Saturday, September 7, 2019

Lose the Weight

"Sometimes the weight you need to lose isn't on your body."

These days life is pretty different than say back in 2016 which is the last time I wrote. I've been married now for 2 1/2 years and there's no denying it - I've changed. Particularly around my waistline. Now, you may think this would be a rant about how folks keeping asking and assuming I'm expecting a baby due to my belly being a bit bigger than it used to be. And it is, but there's more to the story than that.
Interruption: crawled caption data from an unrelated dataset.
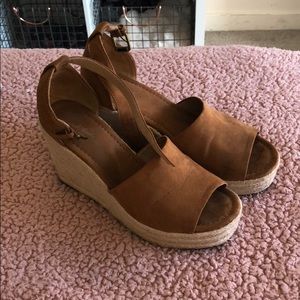 Cognac Wedges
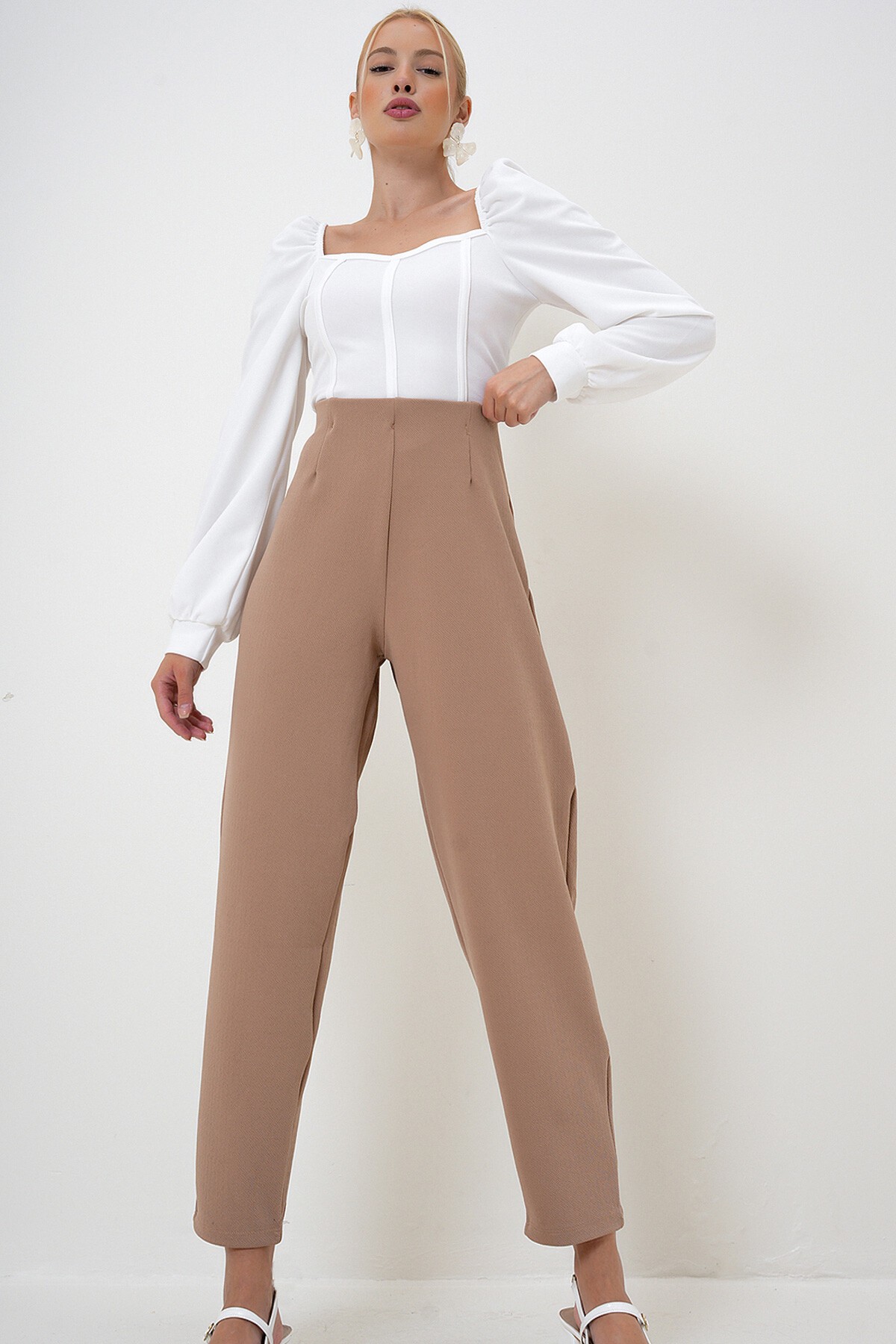 Koyubej Yüksek Bel Pensli Dökümlü Krep Örme Pantolon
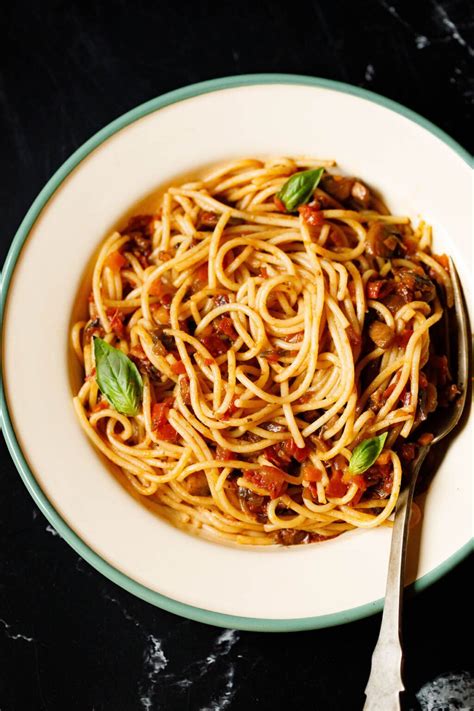 Spaghetti Bolognese | Mushroom Bolognese » Dassana's Veg Recipes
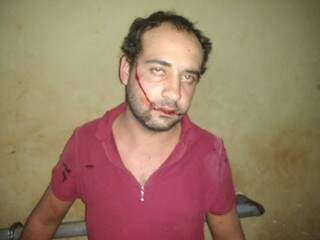 Bandido é linchado ao ser flagrado tentando furtar caminhonete de médico Bandido é linchado ao ser flagrado tentando furtar caminhonete de médico
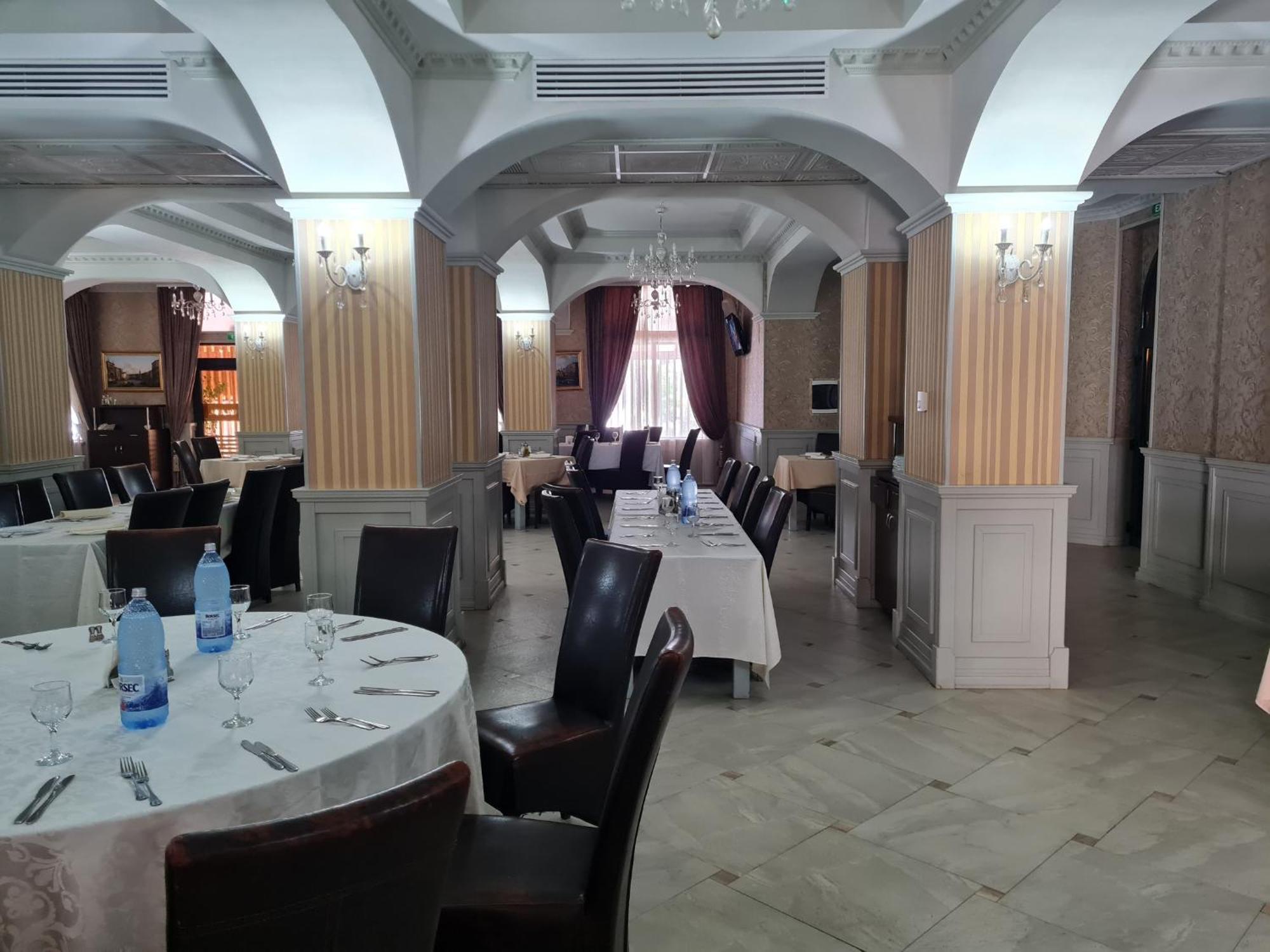 Hotel Valahia Тирговіште Екстер'єр фото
As a woman of 36, my body just doesn't look like it used to. Size 4 is a far distant memory from my early 20s. And with everyone assuming my little belly on my still somewhat slender frame means there's a baby on board, I'm forced to choose my wardrobe with more "flowing" options instead of tight fitting. This doesn't bother me at all. I've never been the self conscious type and that certainly isn't changing with age. Most people are more embarrassed than me when I respond with a polite smile and say, "No, I'm not expecting. Just fat and happy from a good marriage I suppose."
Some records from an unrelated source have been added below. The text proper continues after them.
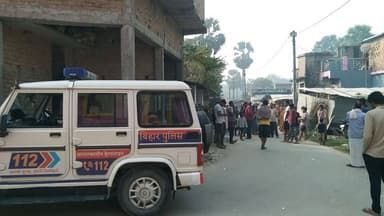 #दलसिंहसराय के अजनौल में किराना दुकान पर बदमाशों ने किया फायरिंग, दुकान के पास लगे ई रिक्शा छर्तिग्रस्त, सीसीटीवी में कै...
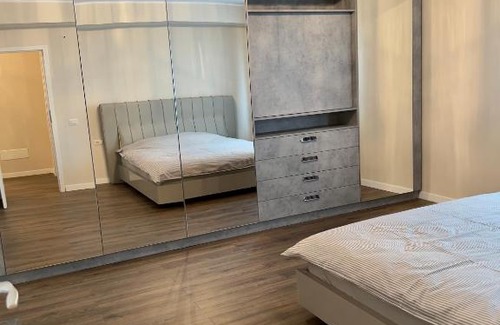 Iasi Apartamento | La Pini - Apartament Luxury Bucium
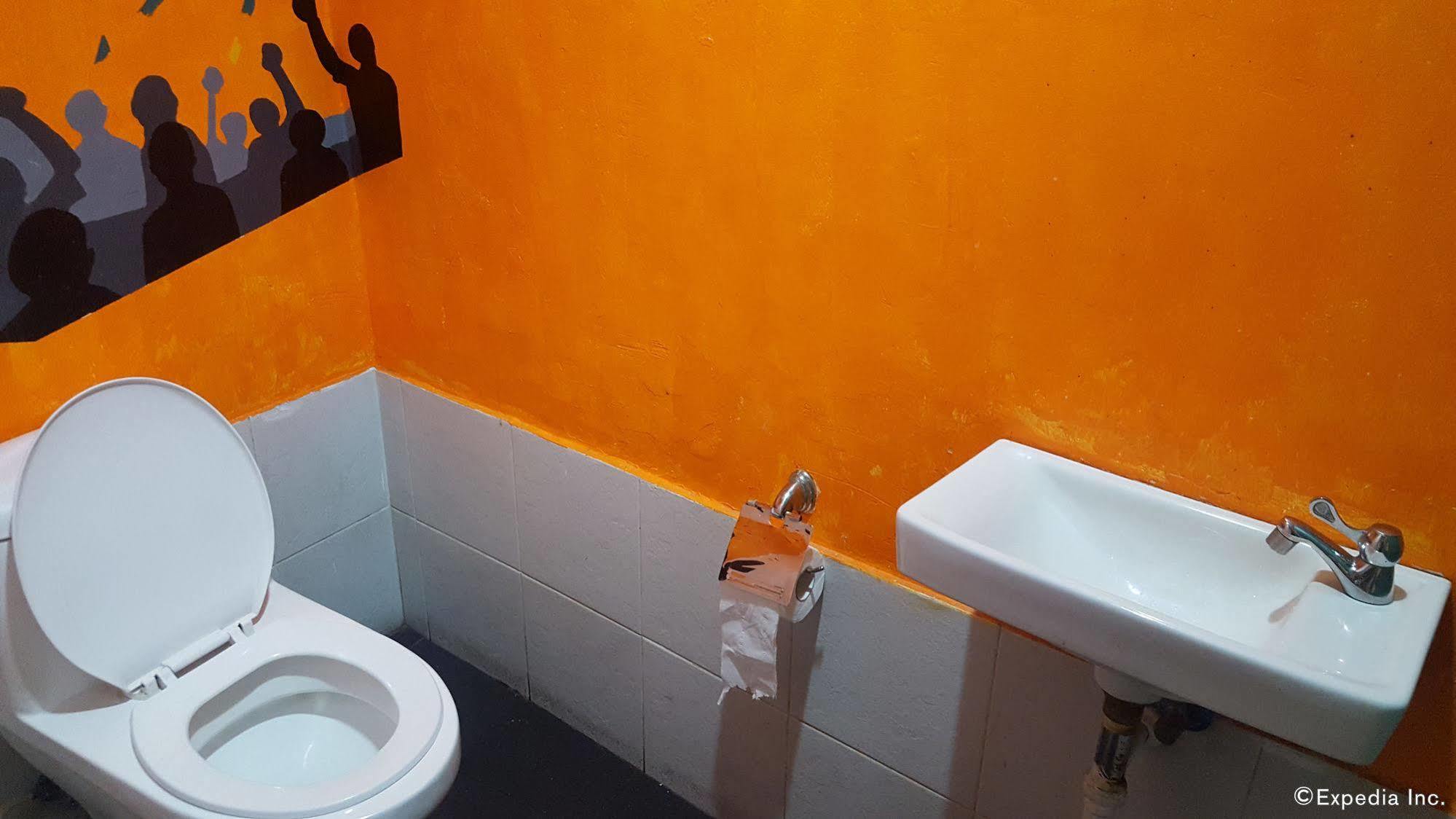 Mnl Boutique Hostel Makati City Zewnętrze zdjęcie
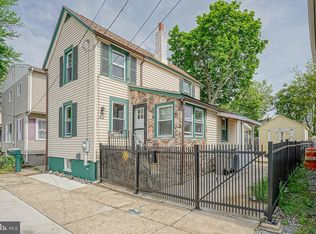 3 Queen St, Paulsboro, NJ 08066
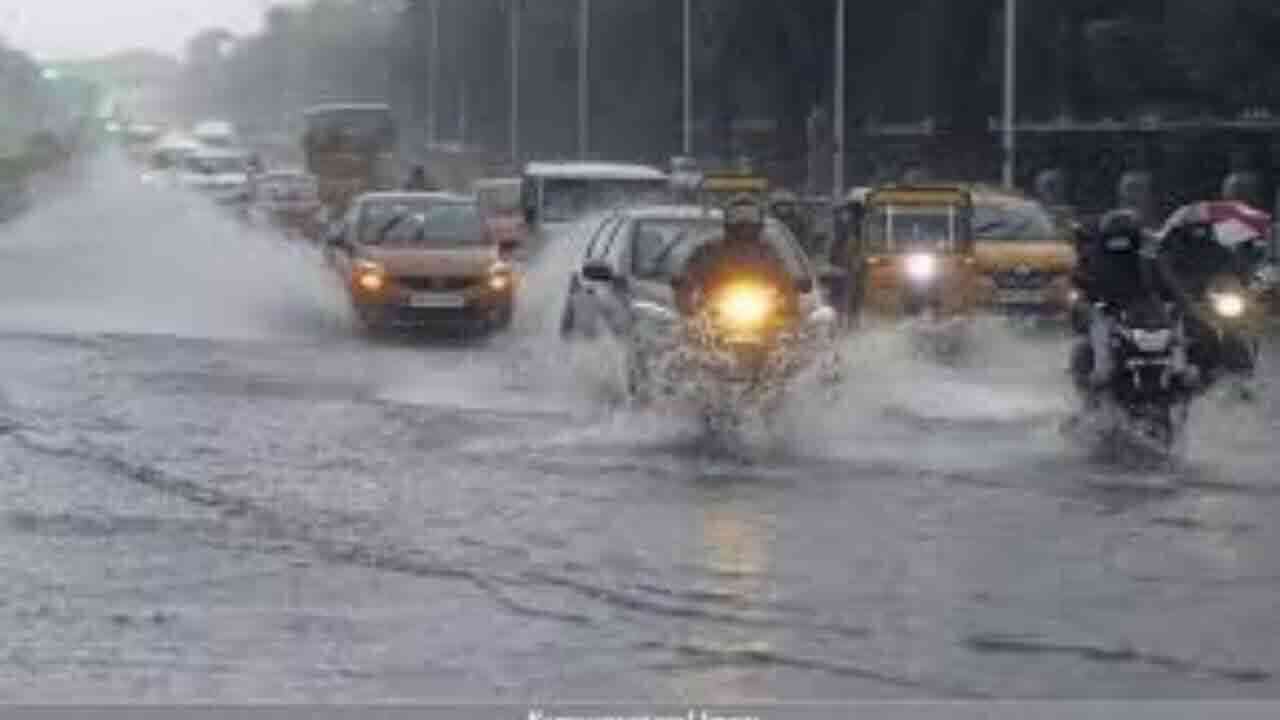 నేడు తెలంగాణకు భారీ నుంచి అతి భారీ వర్షాలు.. ఏపీలోనూ పలు జిల్లాల్లో వర్షాలు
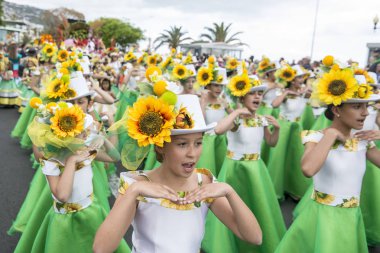 Çocuk renkli elbise Festa da Flor veya bahar çiçek Festivali, Funchal Şehir Adası Madeira Portekiz Atlantik Okyanusu giymiş. Madeira, Funchal, Nisan, 2018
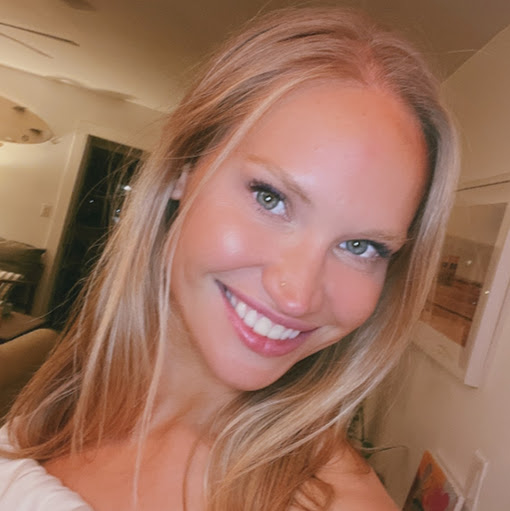 Emily Benjamin Photo 31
The reason behind my weight is not a new story. I could eat better but I'm never giving up carbs. I could exercise more, or at all. I could stress less but couldn't we all? I could drink less however my porch is way too perfect for afternoon cocktails to deny this pleasure. To be perfectly honest, I'd rather be happy than fit into a pair of size 4 skinny jeans anymore. My physical weight is not the problem at hand. It's the weight of everything else.

It's the weight that comes behind the baby question that people ask and don't realize what that might mean to a couple that's trying. It's the weight behind trying to be a good leader & coach at work to a team that depends on you. It's the weight of no longer being frequent visitors for cocktail hour downtown and realizing your list of friends has changed due to that. It's the weight of despite having the most loving, supportive husband in the world, making sure that you're being the best partner and providing him with what he needs every day from his wife. It's the weight of relationships that no longer suit your changed life or perhaps the new priorities that come with being married and soon-to-be new home owners.

I can't help but wonder if that means I should be using the same attitude towards my closet in the rest of my life. What are the more flowing options for everything else I mentioned? I think the answer is to live in the present. Of course, I should look at the future but I can't look so hard that my expectations create fear instead of hope. I control the things I can and stop letting the rest weigh me down. I spend time with the friends who choose to be with me too and don't hold a grudge if it's been awhile since we hung out because life is different for us all. I spend time continuing to coach myself on being a good leader and make sure my team's needs are above my own. And I'm not giving up my porch time cocktails....that's an essential solution that flows into my glass to help lighten the load when the weight gets to be too much. If the weight in your life is getting to be too much, come join me on the porch and let's unload it. We'll worry about the calorie intake later.